Giving Up
Well, it looks like Democrats are giving up on recalling Scott Walker. The DNC has still refused to help. Obama has stayed far away in a state that is a toss-up in November and is quite important to his reelection strategy. Poll numbers aren’t moving. Labor is organizing to get people out, but of course the Republican base is just as motivated. Some are saying that the recall strategy is bad on principle because where does it end? I actually more or less agree with that critique.
And while I am very disappointed in the national Democratic Party, I am also disappointed in the Wisconsin Democratic Party. Tom Barrett is an awful candidate. Here you have a grassroots labor campaign to drive out an incredibly evil governor. They succeed in recalling him. But then Wisconsin Democrats don’t coalesce around a pro-labor candidate? They nominate the uninspiring milquetoast who lost to Walker the first time? Why? The short answer is obvious–he won the primary. But it’s also quite dispiriting that he did. Does labor not have the power in Wisconsin to win a Democratic primary with an extremely motivated and organized base? And if not in Wisconsin, can labor turn even a primary election anywhere? And since Barrett is downplaying the labor issue, why hold the recall at all? What a pathetic candidate.

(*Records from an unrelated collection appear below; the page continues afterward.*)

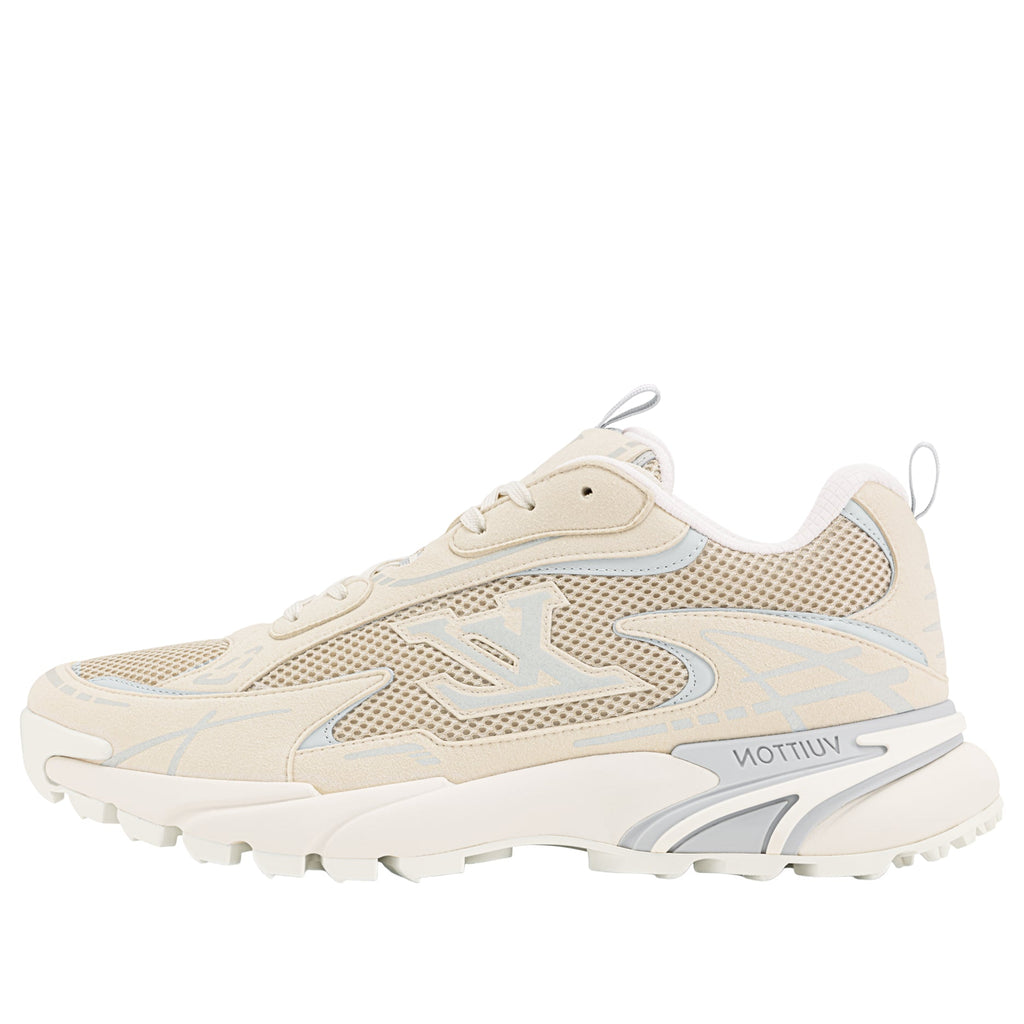 LOUIS VUITTON Tatic Runner Sneaker 'White' 1AKC31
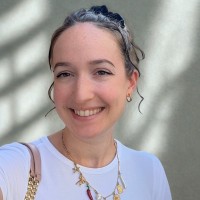 ISILOG Employee Emilie Olek's profile photo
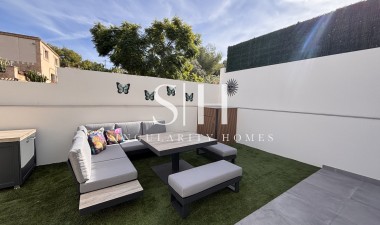 Herverkoop - Villa - Villamartin - Costa Blanca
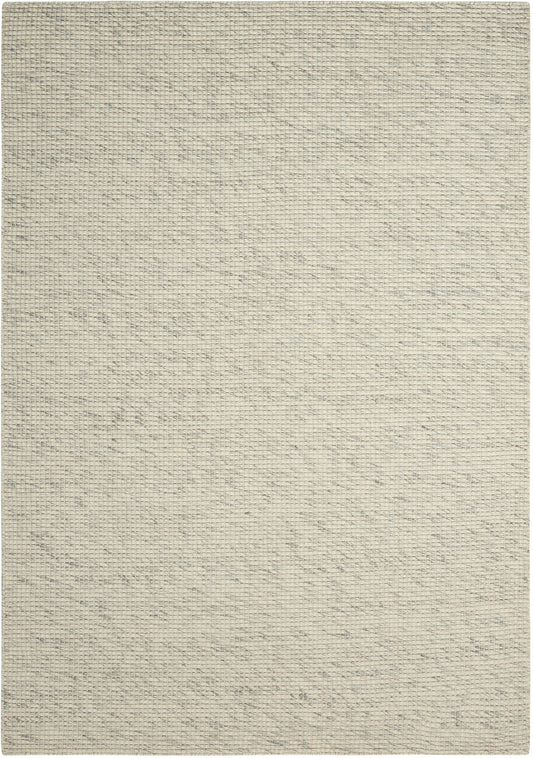 Calvin Klein Home Lowland 5'3" x 7'5" Beach Rock Modern Indoor Rug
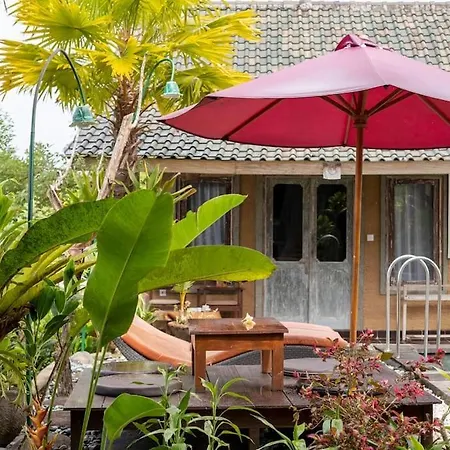 Ananda Jj Ubud Resort & Spa Room photo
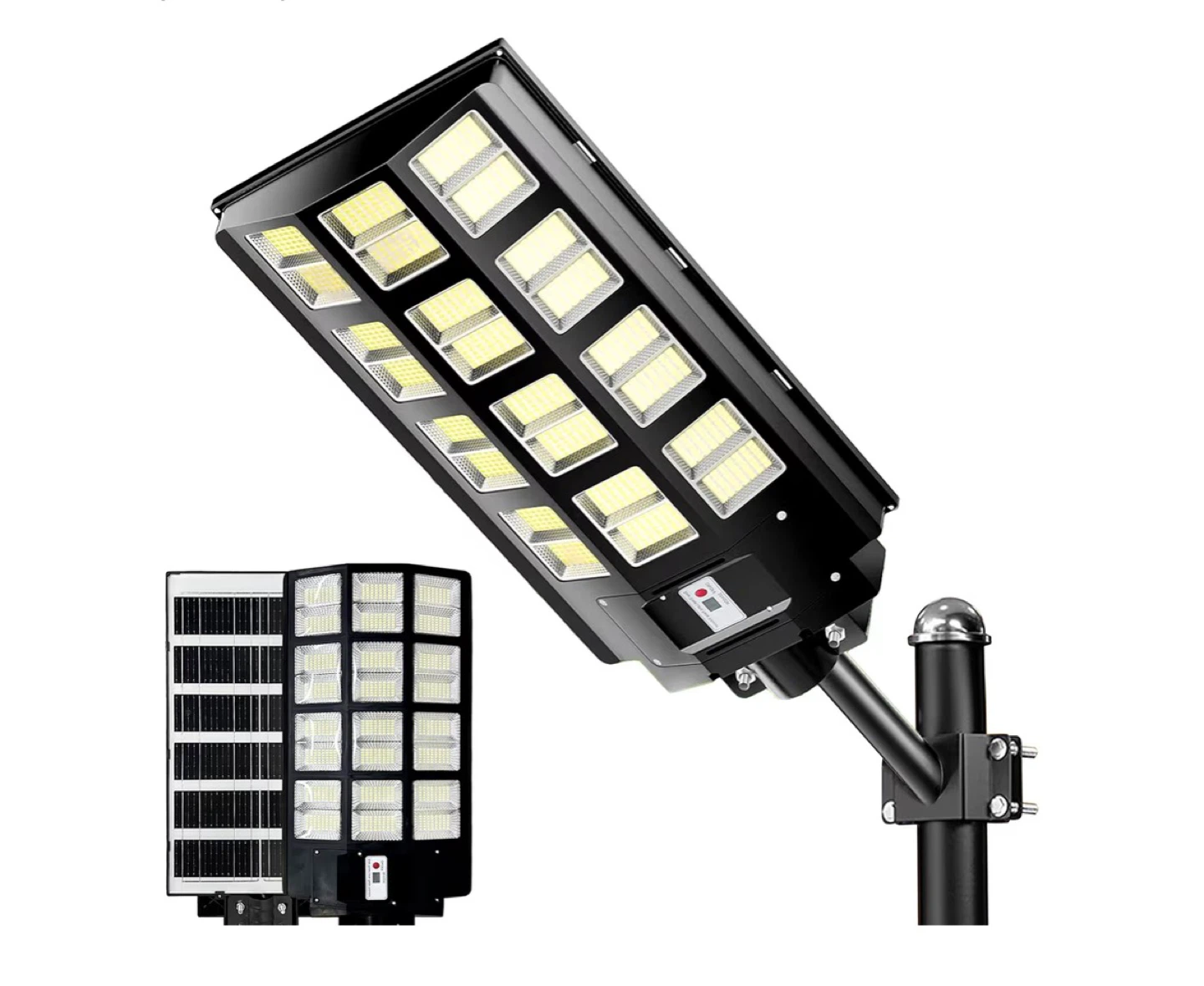 Solar Street Light IP67 Waterproof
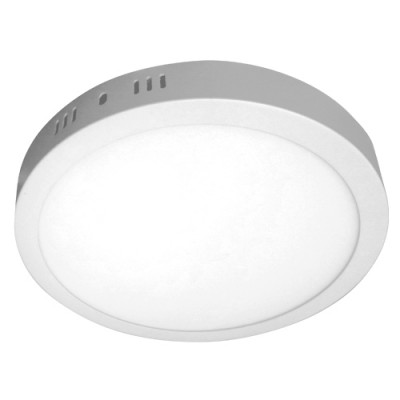 Накладной светильник Ecola downlight DRSD18ELC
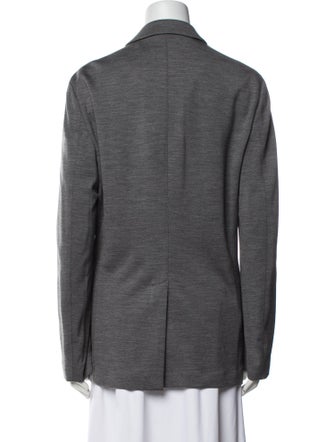 Theory Wool Blazer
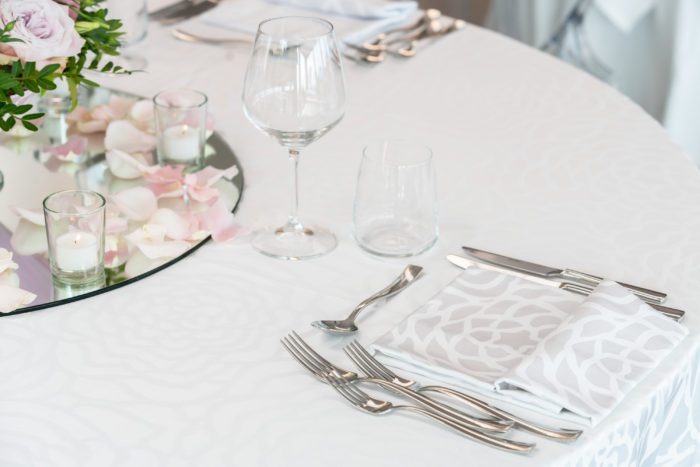 Allestimento Matrimonio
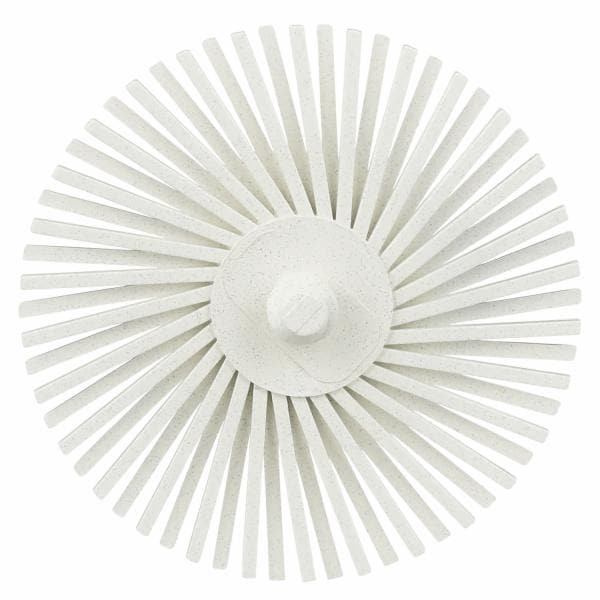 Scotch-Brite Roloc Radial Bristle Disc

This is also another horrible sign for upcoming state and local elections:
Funds have flowed in from major national Republican donors, including the Koch Brothers, Harold Simmons, and Bob Perry. The Republican National Committee has also opened up its coffers, with RNC Chair Reince Priebus announcing that his committee is “all in,” and a staffer telling the Beast they’ve committed “hundreds of thousands of dollars.” The most recent financial reports, filed May 1, show Milwaukee Mayor Tom Barrett, a Democrat, has raised $800,000, compared to $25 million for Walker, who’s benefitted from a loophole in the Wisconsin campaign finance law that allows unlimited contributions to elected officials facing recall. (Both campaigns have benefited from independent expenditures by outside groups, making Barrett’s cash disadvantage smaller than it appears.)
Well, I’m about as excited for the Scott Walker presidential campaign in 2016 as you are. Although that would probably be better than Walker in 2020, if you know what I mean.